Urban university walk

Seen and heard on 20 October 2015 at Morningside Heights, NYC:


The weather, that day, was excellent. His walk started at the old campus site. Then he took us eastward, to the rim of the heights, showing us West Harlem deep down below. Wonderful view! John Reddick is from Yale, where he studied history of architecture, with Vincent Scully. With his loud voice Mr. Reddick guided us around, told us some great stories on the history of Columbia University and its neigbourhood. The site, in northwest Manhattan, was an empty plateau in 1890. In the beginning the city wanted it to become the site of the Columbian Exposition of 1893, but Chicago won the competition. So the future of the place had to be reconsidered. Columbia University, which moved up from 50th Street and Madison Avenue to 116th Street and Broadway, now forms the centerpiece of Morningside Heights, but the Cathedral of St. John the Divine, Barnard College and Riverside Church were its competitors. At the end of the nineteenth century Columbia was ‘a sleepy little place’, but Seth Low – who would become Mayor of New York City – had a great vision when he took over as the university’s president in 1889. Low didn’t want the Gothic of the traditional Ivy League campus. He wanted Columbia to become a great urban university, in and of the city.
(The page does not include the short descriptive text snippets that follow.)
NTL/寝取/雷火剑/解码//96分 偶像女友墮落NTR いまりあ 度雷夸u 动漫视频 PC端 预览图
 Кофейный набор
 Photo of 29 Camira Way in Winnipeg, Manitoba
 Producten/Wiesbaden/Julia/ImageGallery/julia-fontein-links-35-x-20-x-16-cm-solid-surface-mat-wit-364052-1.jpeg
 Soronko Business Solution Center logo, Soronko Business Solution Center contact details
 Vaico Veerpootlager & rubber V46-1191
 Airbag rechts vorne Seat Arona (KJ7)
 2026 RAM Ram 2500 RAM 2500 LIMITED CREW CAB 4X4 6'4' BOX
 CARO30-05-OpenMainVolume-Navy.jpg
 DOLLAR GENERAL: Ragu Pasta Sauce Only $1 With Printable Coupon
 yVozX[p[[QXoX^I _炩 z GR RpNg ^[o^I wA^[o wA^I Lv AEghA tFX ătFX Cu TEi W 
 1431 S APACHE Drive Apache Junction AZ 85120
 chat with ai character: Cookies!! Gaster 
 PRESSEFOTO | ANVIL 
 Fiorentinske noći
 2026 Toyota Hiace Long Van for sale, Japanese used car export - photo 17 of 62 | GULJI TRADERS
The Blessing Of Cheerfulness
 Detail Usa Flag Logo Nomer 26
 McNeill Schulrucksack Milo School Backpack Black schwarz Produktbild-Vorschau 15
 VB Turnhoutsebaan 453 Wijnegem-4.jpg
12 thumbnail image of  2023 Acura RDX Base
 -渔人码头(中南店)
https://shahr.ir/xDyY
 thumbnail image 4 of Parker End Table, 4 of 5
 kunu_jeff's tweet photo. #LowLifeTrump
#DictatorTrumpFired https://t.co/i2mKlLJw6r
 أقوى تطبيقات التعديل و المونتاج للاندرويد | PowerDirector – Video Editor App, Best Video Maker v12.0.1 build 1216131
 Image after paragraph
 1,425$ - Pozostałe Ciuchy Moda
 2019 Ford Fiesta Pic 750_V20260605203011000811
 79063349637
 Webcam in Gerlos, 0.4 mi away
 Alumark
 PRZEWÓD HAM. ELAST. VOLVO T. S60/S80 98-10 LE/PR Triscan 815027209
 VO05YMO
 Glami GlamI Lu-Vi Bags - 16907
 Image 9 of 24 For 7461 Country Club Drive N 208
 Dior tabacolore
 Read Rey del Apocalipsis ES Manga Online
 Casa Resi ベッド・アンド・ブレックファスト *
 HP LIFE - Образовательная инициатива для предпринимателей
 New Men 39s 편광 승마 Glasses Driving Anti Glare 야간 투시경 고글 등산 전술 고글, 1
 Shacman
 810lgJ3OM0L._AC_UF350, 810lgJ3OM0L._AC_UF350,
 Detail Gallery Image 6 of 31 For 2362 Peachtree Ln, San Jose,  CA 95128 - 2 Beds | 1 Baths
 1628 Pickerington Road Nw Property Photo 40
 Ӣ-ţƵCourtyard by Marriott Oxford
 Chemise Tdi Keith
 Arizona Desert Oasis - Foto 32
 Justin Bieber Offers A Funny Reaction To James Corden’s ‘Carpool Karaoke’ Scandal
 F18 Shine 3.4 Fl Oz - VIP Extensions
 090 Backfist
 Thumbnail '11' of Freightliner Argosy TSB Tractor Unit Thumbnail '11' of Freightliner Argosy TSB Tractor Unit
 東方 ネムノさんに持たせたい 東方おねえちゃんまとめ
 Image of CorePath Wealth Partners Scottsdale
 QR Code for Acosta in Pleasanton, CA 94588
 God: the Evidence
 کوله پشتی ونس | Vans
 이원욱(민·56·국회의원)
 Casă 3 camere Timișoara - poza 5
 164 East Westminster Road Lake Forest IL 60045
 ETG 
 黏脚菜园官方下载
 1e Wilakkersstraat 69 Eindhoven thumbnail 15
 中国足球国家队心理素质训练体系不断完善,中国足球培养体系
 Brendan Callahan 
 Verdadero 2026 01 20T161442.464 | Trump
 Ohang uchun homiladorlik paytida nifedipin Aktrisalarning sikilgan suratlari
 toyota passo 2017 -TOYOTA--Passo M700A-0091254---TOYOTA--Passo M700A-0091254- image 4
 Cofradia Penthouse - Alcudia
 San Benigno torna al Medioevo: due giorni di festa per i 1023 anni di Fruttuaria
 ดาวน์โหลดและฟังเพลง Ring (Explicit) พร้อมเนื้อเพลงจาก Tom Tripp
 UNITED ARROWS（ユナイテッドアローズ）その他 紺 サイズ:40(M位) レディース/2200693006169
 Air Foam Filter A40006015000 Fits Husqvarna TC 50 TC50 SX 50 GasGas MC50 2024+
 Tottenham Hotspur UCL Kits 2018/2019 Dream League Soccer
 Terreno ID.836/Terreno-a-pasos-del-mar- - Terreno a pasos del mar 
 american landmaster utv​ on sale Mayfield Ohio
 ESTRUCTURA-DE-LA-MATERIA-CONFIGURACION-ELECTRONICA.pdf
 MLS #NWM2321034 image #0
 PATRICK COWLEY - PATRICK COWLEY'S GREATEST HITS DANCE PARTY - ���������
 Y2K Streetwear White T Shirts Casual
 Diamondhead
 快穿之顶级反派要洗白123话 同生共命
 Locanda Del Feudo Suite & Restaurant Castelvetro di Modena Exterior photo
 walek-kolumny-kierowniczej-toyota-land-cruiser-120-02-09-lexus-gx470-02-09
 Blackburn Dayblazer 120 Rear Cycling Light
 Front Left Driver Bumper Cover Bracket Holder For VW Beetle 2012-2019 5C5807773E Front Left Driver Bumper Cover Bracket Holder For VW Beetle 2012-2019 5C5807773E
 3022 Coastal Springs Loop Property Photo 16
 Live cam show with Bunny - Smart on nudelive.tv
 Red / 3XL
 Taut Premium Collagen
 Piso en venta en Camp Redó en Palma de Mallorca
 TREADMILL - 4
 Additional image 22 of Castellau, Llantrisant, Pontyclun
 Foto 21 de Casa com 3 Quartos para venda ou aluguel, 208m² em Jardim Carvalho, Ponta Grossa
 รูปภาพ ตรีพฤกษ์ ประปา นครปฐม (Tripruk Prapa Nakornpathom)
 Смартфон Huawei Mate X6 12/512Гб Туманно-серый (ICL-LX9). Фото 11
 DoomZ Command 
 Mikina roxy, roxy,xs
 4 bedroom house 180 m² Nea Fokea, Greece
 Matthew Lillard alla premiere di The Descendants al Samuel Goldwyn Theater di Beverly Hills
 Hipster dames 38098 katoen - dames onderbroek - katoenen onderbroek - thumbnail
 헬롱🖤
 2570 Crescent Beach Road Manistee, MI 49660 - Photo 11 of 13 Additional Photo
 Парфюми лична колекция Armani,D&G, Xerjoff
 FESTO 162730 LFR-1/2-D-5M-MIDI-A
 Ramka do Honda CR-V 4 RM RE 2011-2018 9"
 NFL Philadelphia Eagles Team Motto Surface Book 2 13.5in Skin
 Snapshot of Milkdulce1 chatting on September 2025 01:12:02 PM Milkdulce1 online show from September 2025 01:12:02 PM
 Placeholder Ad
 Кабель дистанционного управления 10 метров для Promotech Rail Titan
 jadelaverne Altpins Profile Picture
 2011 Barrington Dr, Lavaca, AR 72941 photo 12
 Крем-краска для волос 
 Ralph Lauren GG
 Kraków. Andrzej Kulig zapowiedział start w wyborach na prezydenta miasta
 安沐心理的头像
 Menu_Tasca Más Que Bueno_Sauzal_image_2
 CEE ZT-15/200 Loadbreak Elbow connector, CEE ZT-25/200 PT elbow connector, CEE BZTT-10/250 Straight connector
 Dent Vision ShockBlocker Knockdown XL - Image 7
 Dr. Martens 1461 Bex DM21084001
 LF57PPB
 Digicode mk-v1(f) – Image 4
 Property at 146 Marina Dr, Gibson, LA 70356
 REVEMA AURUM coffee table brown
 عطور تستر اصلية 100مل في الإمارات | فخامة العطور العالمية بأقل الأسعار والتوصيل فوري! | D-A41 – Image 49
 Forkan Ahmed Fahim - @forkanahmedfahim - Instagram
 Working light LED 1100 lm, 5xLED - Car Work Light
So McKim, Mead & White, Columbia’s architects, adopted an urban Renaissance model for the campus. It was a conscious decision to be different from places like Princeton and Yale. This you can also read in Andrew Dolkart’s ”Morningside Heights: A History of Its Architecture and Development” (Columbia University Press, 1998). Only when the subway was built in 1904, the place became a residential neighborhood. Since then, most of the appartment building have been purchased by Columbia, which needed ever more extension space. So that’s where our sunny walk ended: strolling along Riverside Drive in northern direction, crossing a tall bridge. Deep down below us we had a stunning view on Manhattanville, where Columbia University is building its brand new second campus on a 17 acre-site, costing 6.8 billion US dollars. Welcome to the masterclass New York City, moderated by the Wibaut Chair at the University of Amsterdam, on the future of the city and its universities.